Seit 30 Jahren wirkt Peter Billmaier an der Eichenäckerschule, seit 20 Jahren ist er Schulleiter. Fotos: Günther Foto: Schwarzwälder Bote

Jubiläum: Peter Billmaier ist 30 Jahre an der Eichenäckerschule

Dornstetten. Seit drei Jahrzehnten wirkt Peter Billmaier an der Eichenäckerschule Dornstetten mit ungebrochenem Schaffensdrang. Im Gespräch mit dem Schwarzwälder Boten blickt der rührige Schulleiter auf die Entwicklung des Sonderpädagogischen Beratungs- und Bildungszentrums mit dem Förderschwerpunkt geistige Entwicklung (SBBZ) zurück und verrät seine Visionen.

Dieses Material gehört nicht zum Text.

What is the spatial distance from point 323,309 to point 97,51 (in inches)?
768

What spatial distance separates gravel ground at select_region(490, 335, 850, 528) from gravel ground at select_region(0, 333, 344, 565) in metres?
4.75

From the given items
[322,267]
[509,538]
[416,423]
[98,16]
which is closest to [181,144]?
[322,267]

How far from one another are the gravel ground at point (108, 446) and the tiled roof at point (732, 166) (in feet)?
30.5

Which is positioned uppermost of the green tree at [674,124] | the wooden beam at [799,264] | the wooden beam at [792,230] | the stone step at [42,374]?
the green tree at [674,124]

Erst seit den 1960er-Jahren werden Kinder mit geistigen Behinderungen im Kreis Freudenstadt überhaupt beschult. Rührige Eltern hatten damals die Lebenshilfe gegründet und im Freudenstädter Ringhof und später im ehemaligen Gasthaus Pflug in Dietersweiler unter improvisierten Bedingungen die Beschulung ihrer Kinder organisiert. Aus diesen Anfängen entstand die Eichenäckerschule (früher Wilhelm-Hofmann-Schule), eine Kreissonderschule, die 1984 das neue Schulgebäude in Dornstetten bezog.

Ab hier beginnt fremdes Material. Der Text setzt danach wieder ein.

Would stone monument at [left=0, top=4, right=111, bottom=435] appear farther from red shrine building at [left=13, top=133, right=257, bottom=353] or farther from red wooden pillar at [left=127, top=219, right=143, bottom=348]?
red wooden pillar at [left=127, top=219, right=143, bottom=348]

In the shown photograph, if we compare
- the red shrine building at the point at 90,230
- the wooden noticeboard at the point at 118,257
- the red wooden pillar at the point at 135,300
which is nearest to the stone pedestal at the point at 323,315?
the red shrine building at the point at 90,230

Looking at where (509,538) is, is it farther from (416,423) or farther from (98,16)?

Adventsbasar am 24. November

Fünf Jahre später wurde der aus der Kurpfalz stammende junge Sonderschullehrer Peter Billmaier – gegen seinen Willen, verrät er schmunzelnd – nach Dornstetten versetzt. Wie Billmaier berichtet, war er in seiner Heimat Bad Schönborn "total eingebunden, nicht zuletzt als Trainer beim Badischen Handballverband und aktiver Spieler bei den heutigen Rhein-Neckar-Löwen". Über seine Anfangsjahre im Schwarzwald sagt er: "Ich hatte viel Zeit, war hoch motiviert und ich musste hier bleiben. Hier bot sich mir die Chance, mit einem relativ jungen Kollegium Schulentwicklung zu betreiben. Ich habe es nie bereut."

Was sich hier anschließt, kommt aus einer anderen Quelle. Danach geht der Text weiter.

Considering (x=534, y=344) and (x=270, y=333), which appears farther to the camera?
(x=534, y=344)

Als einziger Sonderschullehrer, zudem bedingt durch die Krankheit des damaligen Schulleiters, wurde Billmaier frühzeitig in Schulleitungsaufgaben eingebunden und bald als kommissarischer Schulleiter eingesetzt. 1993 wurde er zum Konrektor und 1999 zum Sonderschulrektor ernannt. Seither leitet er die Geschicke des SBBZ, seit einem Jahr ist er zudem geschäftsführender Schulleiter aller Sonderschulen des Landkreises.

Der verwitwete Vater von vier Kindern –­ die beiden älteren sind inzwischen selbstständig – brennt nach wie vor für "seine" Schule, Schüler und Eltern. Dass seine engagierte und temperamentvolle Arbeit reiche Früchte trägt, zeigt sich beim Gang durch die Eichenäckerschule: Statt der einst geplanten 65 werden dort heute 92 Schüler unterrichtet, von der Unterstufe bis zur Berufsschulstufe. Im angeschlossenen Schulkindergarten werden 15 Kinder gefördert. Und die vielen aktiven, lebhaften und fröhlichen Kinder, die relativ selbstständig agierenden Schüler und die erstaunlich mobilen jungen Heranwachsenden bezeugen, dass Billmaier seinem Ziel sehr nahe gekommen ist: "Meine Mission war stets, für Kinder mit geistiger Behinderung möglichst optimale Bedingungen zu schaffen."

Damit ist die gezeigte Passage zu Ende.